握手を交わす鵜浦社長(左)と沢田次期社長

 NTTは持ち株会社の社長に沢田純副社長(62)が6月に昇格し、東西地域会社、NTTデータの社長も交代する。顧客のビジネス変革を支えるサービス提供という、現在の鵜浦博夫NTT社長(69)の路線を引き継ぎつつ、人工知能(AI)やIoT(モノのインターネット)を用いた新ビジネスを世界規模で提供する体制強化が次期経営陣に求められる。

 「(鵜浦社長は)当期利益の過去最高値を3期連続で更新し、大きく会社を変えた。後任になったのは光栄であると同時に大変な重責だが、覚悟して臨みたい」―。沢田次期社長は就任への決意をこう述べた。

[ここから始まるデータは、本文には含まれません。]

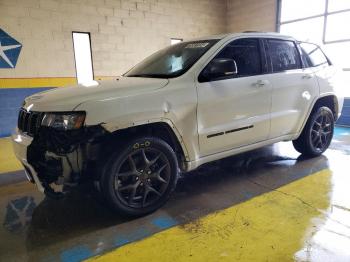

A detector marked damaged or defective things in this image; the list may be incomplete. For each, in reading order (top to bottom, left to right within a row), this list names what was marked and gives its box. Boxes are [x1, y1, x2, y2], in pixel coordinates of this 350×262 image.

dented hood [23, 76, 168, 112]
exposed headlight assembly [41, 111, 86, 130] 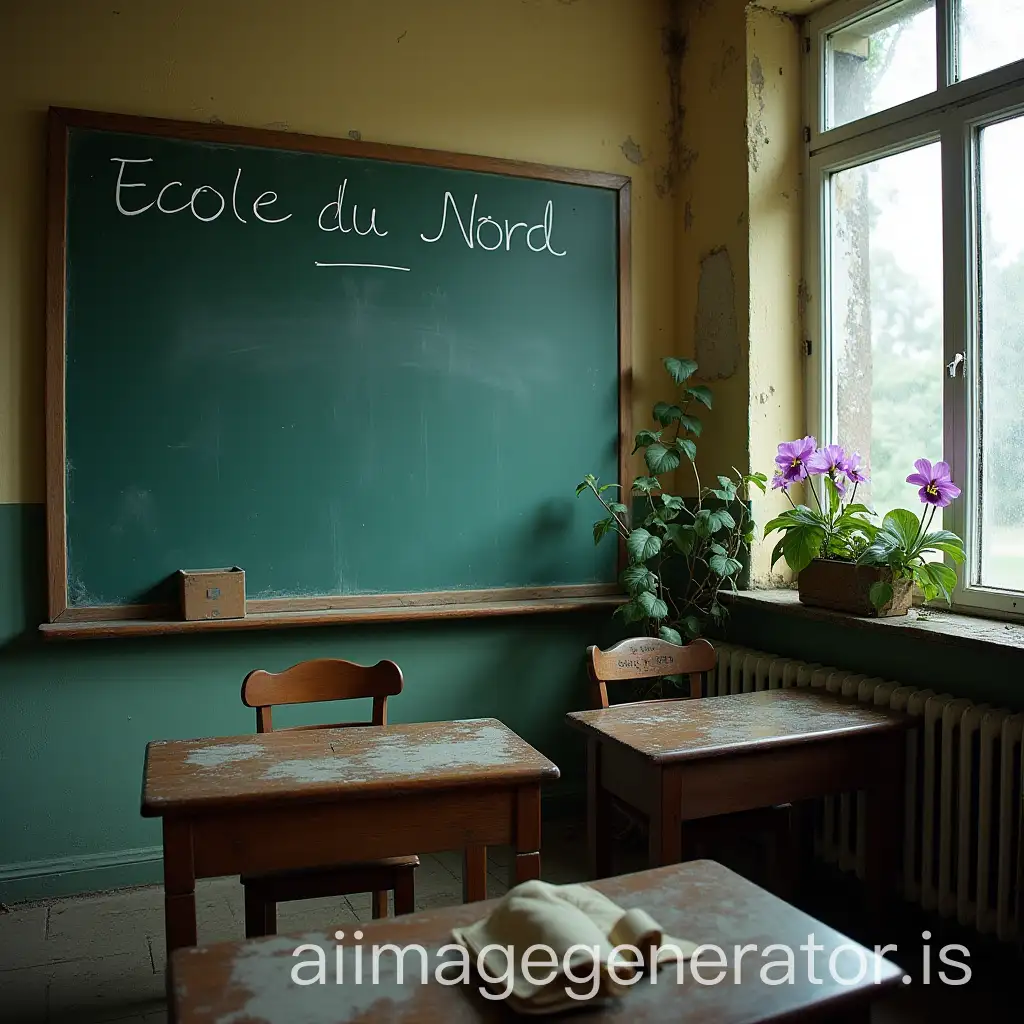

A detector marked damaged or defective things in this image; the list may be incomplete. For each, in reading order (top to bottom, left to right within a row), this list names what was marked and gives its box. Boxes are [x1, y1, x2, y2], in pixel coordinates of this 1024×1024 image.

 NTTの2018年3月期連結決算(米国会計基準)は売上高、営業利益、当期利益で過去最高を記録した。鵜浦社長が就任から6年で進めたグローバルビジネスの成長、国内ビジネスの収益力回復の成果と言える。就任前は「1人負け」と言われたNTTドコモが料金プランを家族シェア型に移行し、競争力を回復。固定音声の収入減に苦しむ東西地域会社は小売りモデルから卸し型の光コラボレーションモデルへ変革し、販売を効率化した。

 今後の成長の柱となる世界規模でのクラウドビジネスについても、南アフリカのIT子会社ディメンション・データと、NTTコミュニケーションズのクラウドサービス開発部門の統合などで手を打った。

 相談役に退く鵜浦社長は6年前の就任時に「(社長を退いた後に)大きな舵を切ってもらってよかったと後輩たちに言われるような仕事をしたい」と語っていた。その大きな舵を切った後は「篠原弘道会長(現副社長)、沢田社長という新体制でと2年前に決めていた」と明かす。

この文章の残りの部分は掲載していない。